このコンタクト・グループでは主に二つの論点がありました。一つがパリ協定に関する記述を「世界平均気温の上昇を1.5°C以下に抑える」と記述するか、「パリ協定の目標」と書くかです。前者の文章は気候変動対策に非常に意欲的な文脈になる一方で気温上昇に焦点が置かれています。後者は1.5°C目標よりかは気候変動分野との横断的な連携が強調されている文脈となっており、この文脈の違いで各国の主張がぶつかり合いました。この議論はこのコンタクト・グループで合意に至ることはありませんでしたが、プレナリーを経て、最終的には一つの段落で「生物多様性の損失を防ぐにはパリ協定の目標を達成するのは非常に重要」と記載され、次の段落で「1.5°C目標を達成することは2°Cに抑えるより生物多様性への影響を抑えるのに効果的である」と記述する形で落ち着きました。

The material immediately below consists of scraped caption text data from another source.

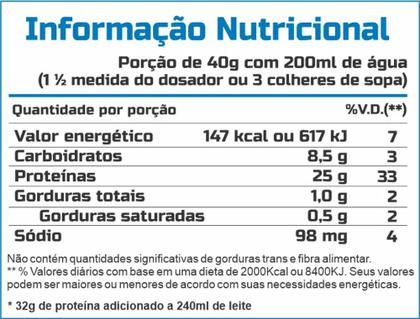 Imagem de Isolate Whey Protein Complex Refil 900g Sabor Morango- Muscle Way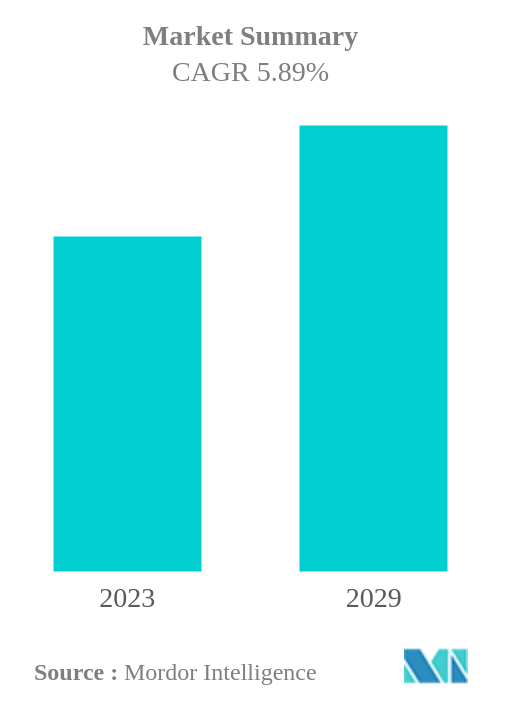 North America Feed Enzymes Market Summary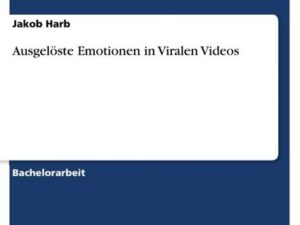 Ausgelöste Emotionen in Viralen Videos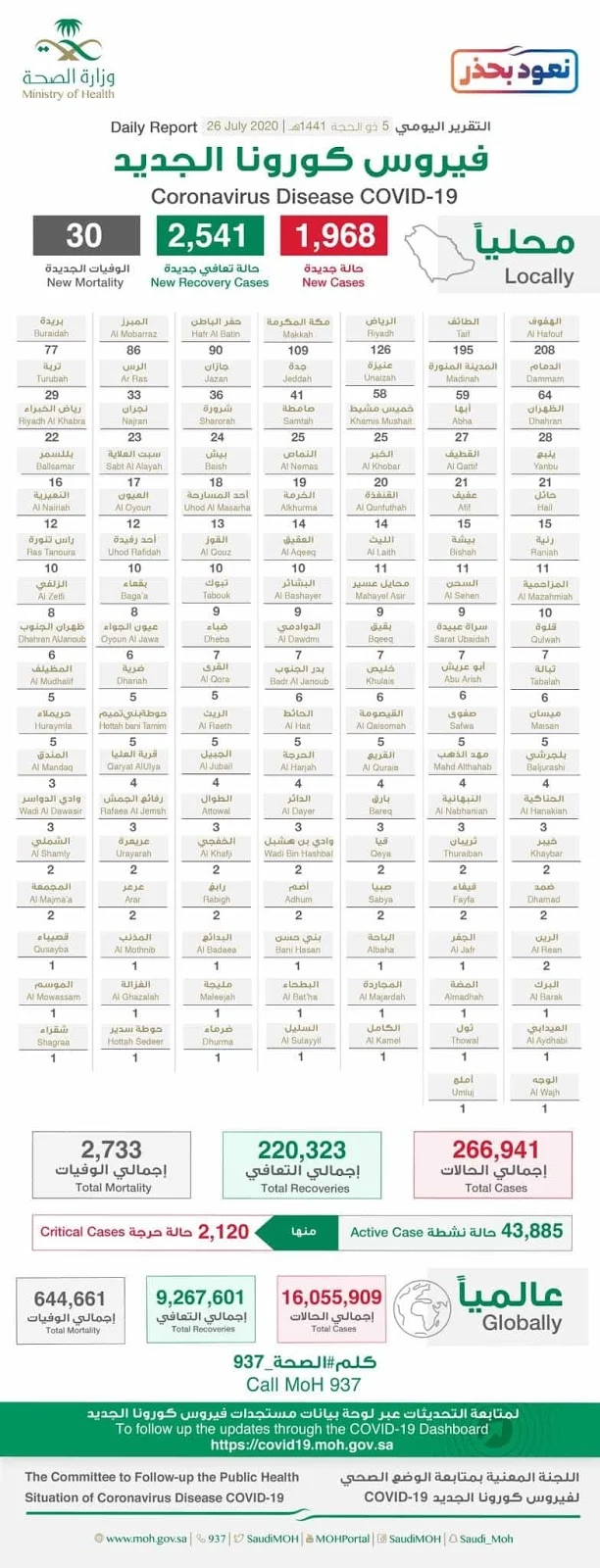 Corona virus cases in Saudi Arabia on 26 July 2020 - Saudi-Expatriates.com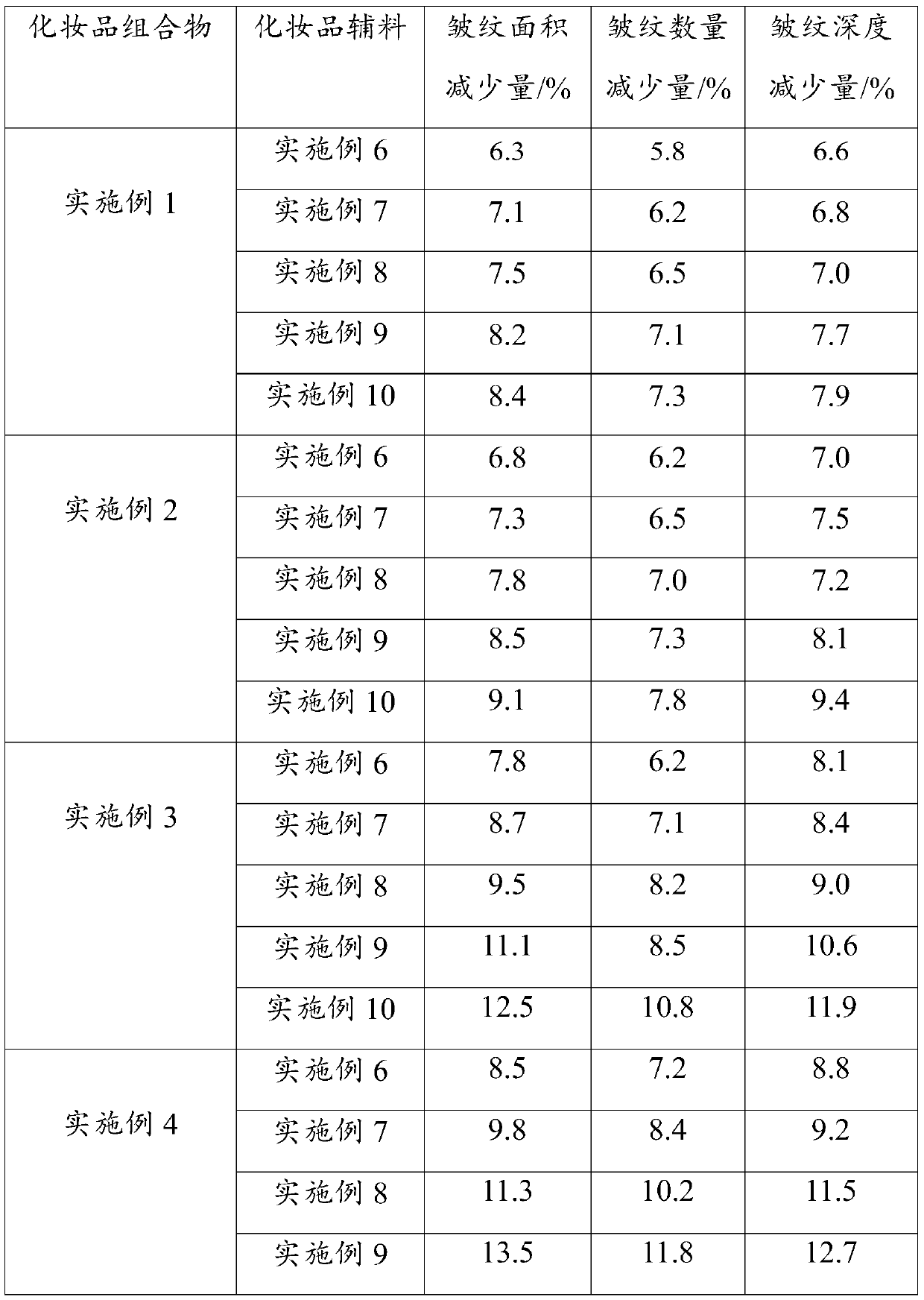 Cosmetic composition rich in collagen tripeptide, skin care cosmetic, application and preparation method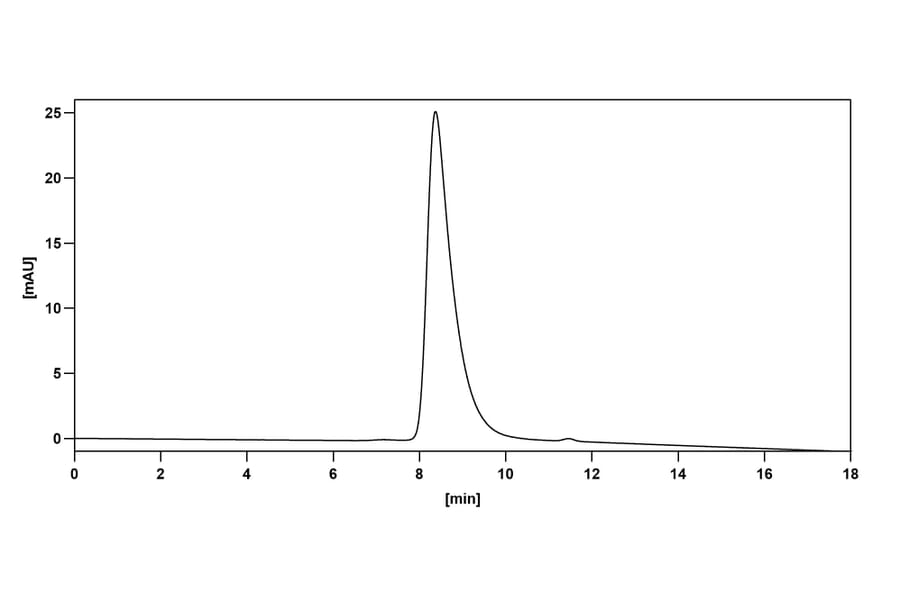 Bioactivity-Binding - Mouse IgG1 Isotype Control [MOPC-21] - BSA and Azide free (A344120) - Antibodies.com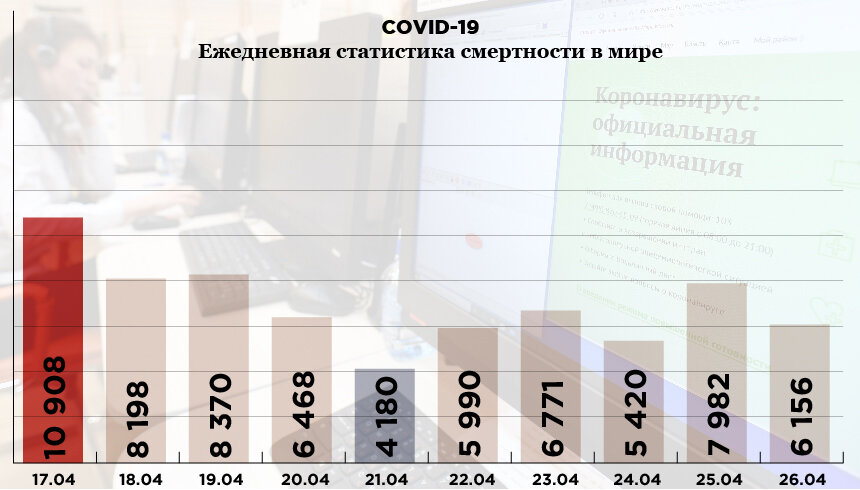 Инфографика: «Компания». Фото: РИА Новости. Источник: coronavirus-info.ru 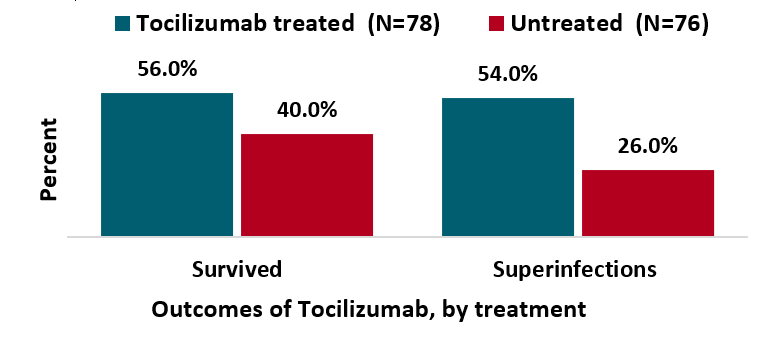 Patients treated with tocilizumab were more likely to survive to discharge, although also more likely to acquire superinfections.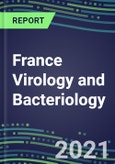 2021-2025 France Virology and Bacteriology Market for over 100 Tests- Product Image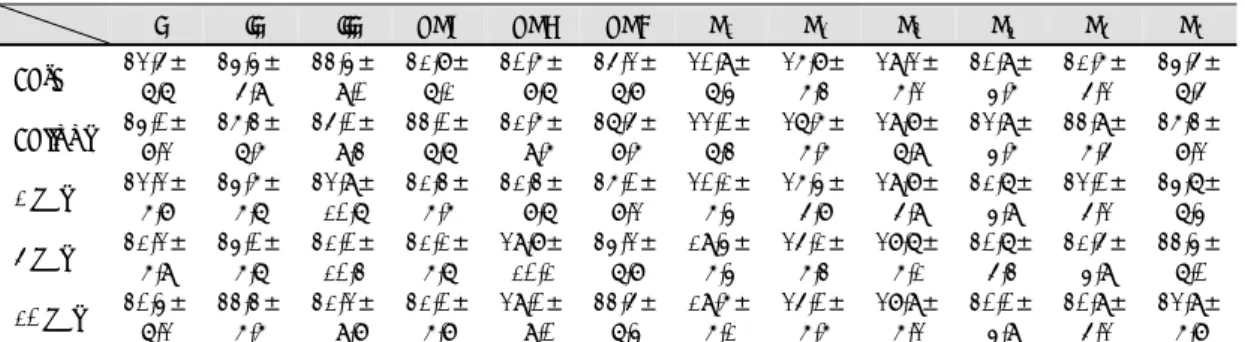 Table 1. The changes of ventricular activation time in all patients 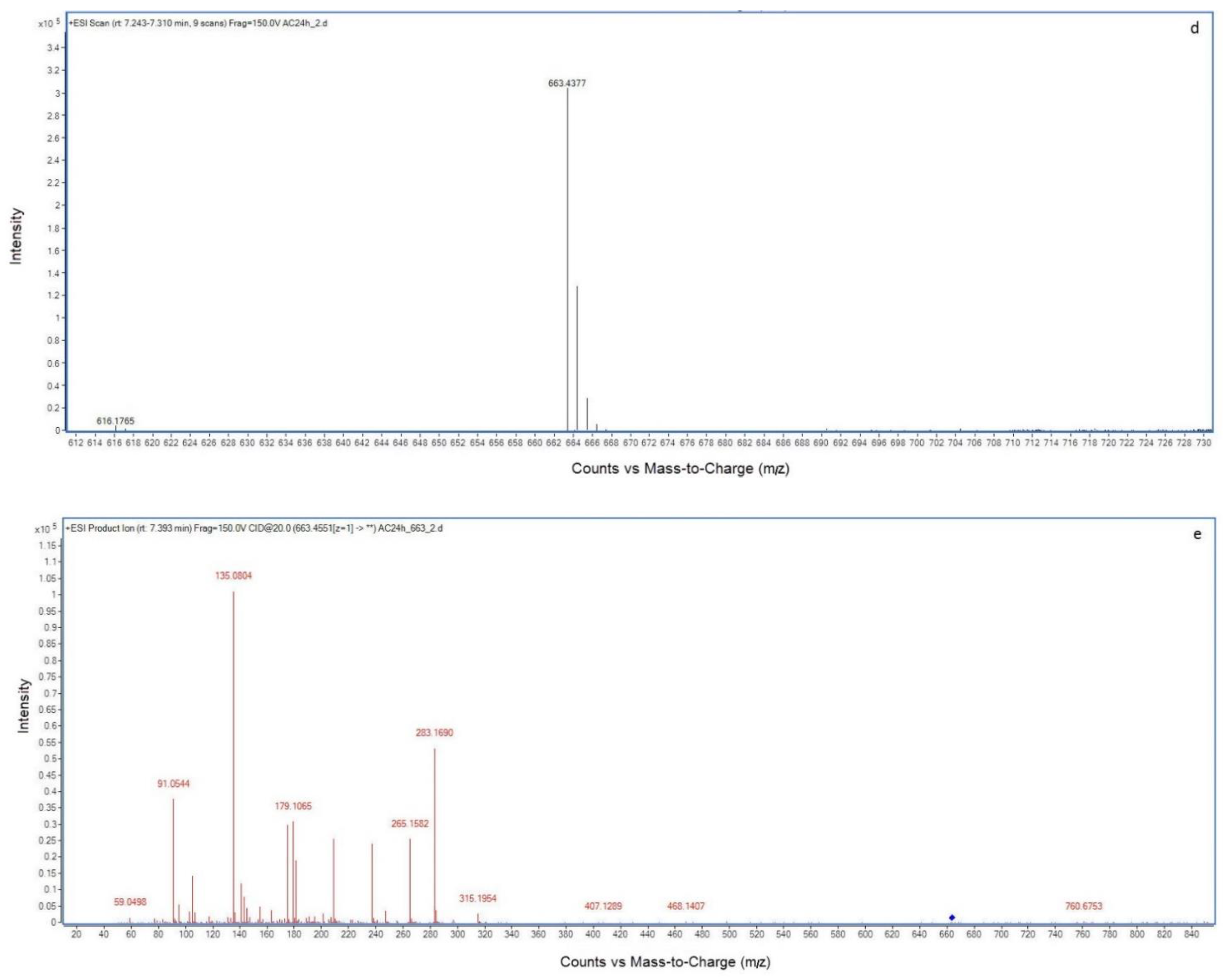 Toxins 11 00549 g003b 550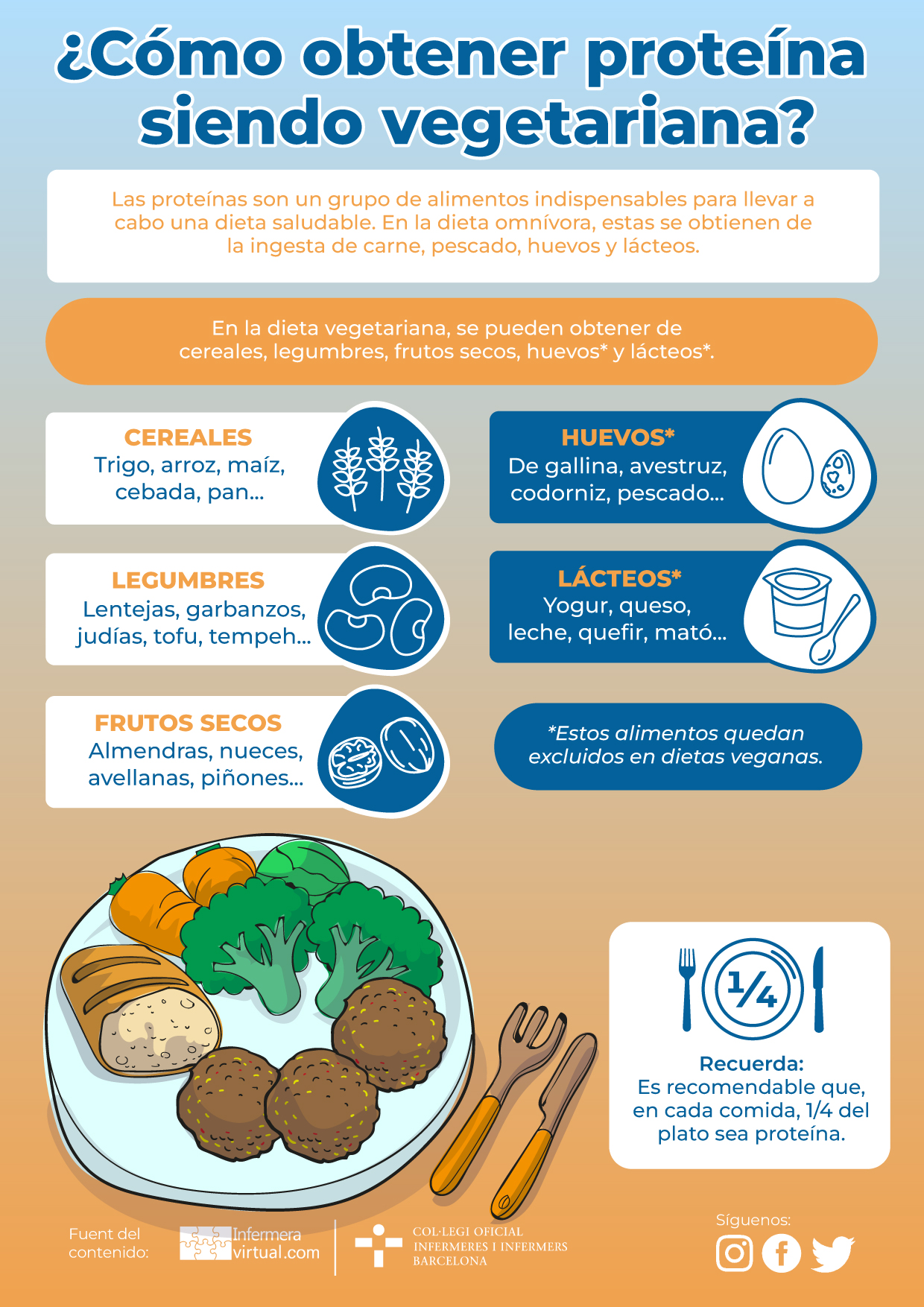 infografia proteina vegetal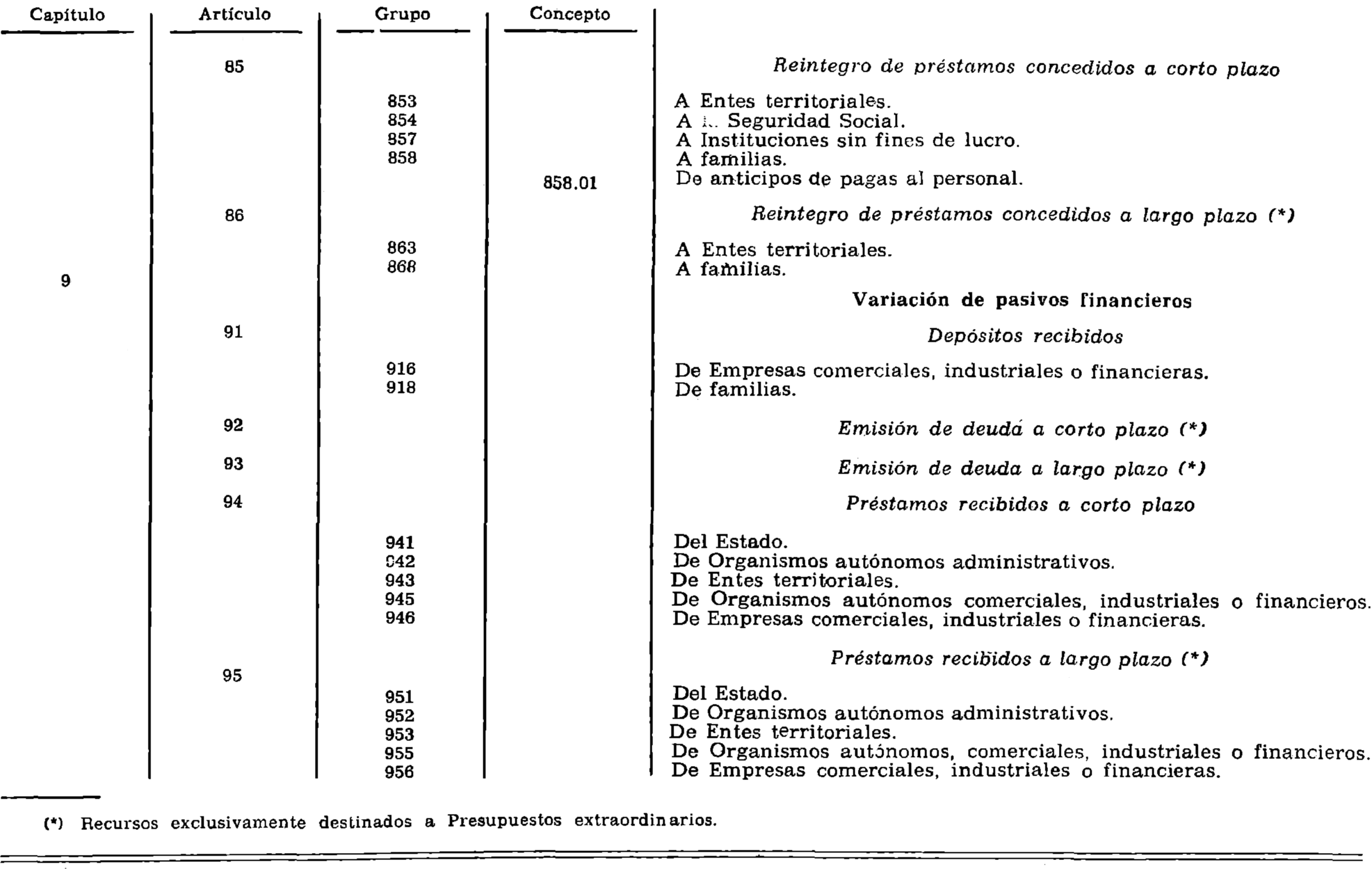 Imagen: /datos/imagenes/disp/1979/276/27452_11089570_image7.png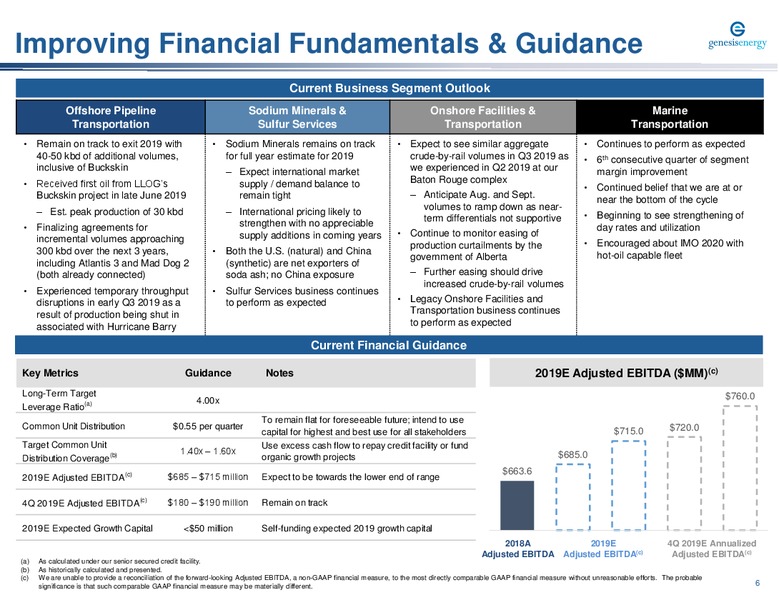 August 2019 Investor Presentation – Genesis Energy Lp – slide 6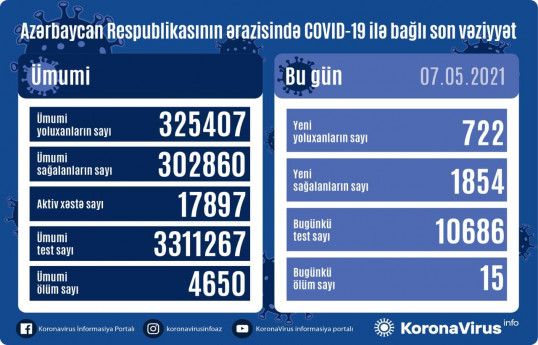 coronavirus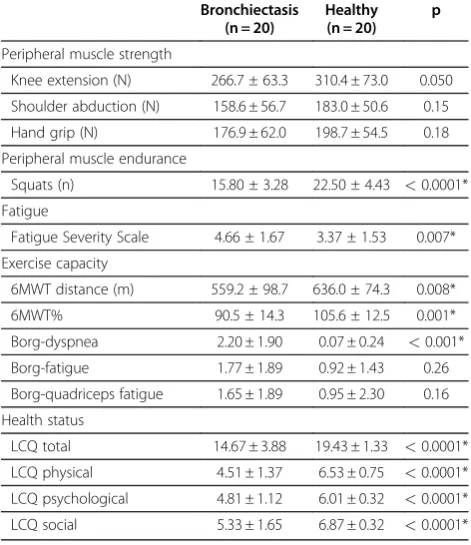 Table 2 Peripheral muscle function, exercise capacity,fatigue and health status in patients with bronchiectasisand healthy subjects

“Stressing that achieving the objectives of the United Nations Framework Convention on Climate Change and the goals of the Paris Agreement[4] is highly critical to avoid further biodiversity loss and land and ocean degradation and to achieve the 2050 vision of living in harmony with nature, and will require transformative change,
Stressing also that the achievement of the Kunming-Montreal Global Biodiversity Framework is highly related to urgent and effective action on climate change in line with the objective of the United Nations Framework Convention on Climate Change and the goals of the Paris Agreement[4], and vice versa, and recognizing that keeping the temperature goals of the Paris Agreement[4] within reach reduces the risks and impacts on biodiversity, and that they would be much lower at the temperature increase of 1.5 ºC compared to 2 ºC,” – CBD/COP/16/L.24
もう一つの論点は生態系の保全に関する段落で「生態系」とではなく、「炭素密度の高い生態系 (high intensity carbon-dense ecosystem)」と記述するか否かです。この議論では発展途上国と先進国で意見が大きく分かれました。発展途上国らは保全において重要なのは炭素密度の高い生態系だけではないため、幅広く「生態系」と記したいという主張でした。一方、先進国らは気候変動の文脈で大事なのは炭素密度の高い生態系だから記述する必要がある、という主張でした。
いずれの主張も納得いきますが、実際、炭素密度の高い生態系がどこにあるのかを考えると、熱帯雨林とかになるので発展途上国に多いです。従って、「炭素密度の高い生態系」という文脈になった場合、それらを保有している発展途上国の責任が増えてしまい、先進国らからすると他人事になってしまいます。これらの議論を聞いていて、私はこのようなことを危惧して発展途上国たちは「生態系」という幅広い文脈でその段落は落ち着かせようとしているのではと思いました。真相は定かではないですが、合意文章では「生態系」となっていました。
28日
最終日は最後まで参加できなかったので、傍聴した部分のみになってしまいますが、前半は概ね細かい修正がほとんどで表現や表記の統一などの議論がされていました。大きな論点としてはジオエンジニアリング(geoengineering)があげられます。近年気候変動界隈では1.5°C目標の達成のためにカーボンニュートラルだけでなく、大気中の炭素の除去のために大気の二酸化炭素を地中に注入するカーボン・キャプチャーという技術が注目されていました。このような地球規模の工学的な改変のことをジオエンジニアリングといい、このコンタクト・グループではそれらの技術が生物多様性に悪影響の無いよう締約国は合意しました。
まとめ
計4回のコンタクト・グループで議論された内容は31日のワーキング・グループで議論され、最終的に11月1日のプレナリーで無事採択されました。最後のプレナリーが翌朝の7時までやっていたこともあり、私は実際の採択の部分を見届けることができず残念な気持ちは否めないのですが、2週間にも渡り傍聴していた議論が無事採択されたことを知り私は安堵しました。今回初めてコンタクト・グループを傍聴しましたが、各国の主張からそれぞれが抱えている問題や大事にしている価値観を垣間見ることができ、非常に興味深かったです。また、それぞれの国がぶつかり合うのを目の当たりにし、国際会議にて異なる背景を持つ国々が合意に至る大変さも痛感しました。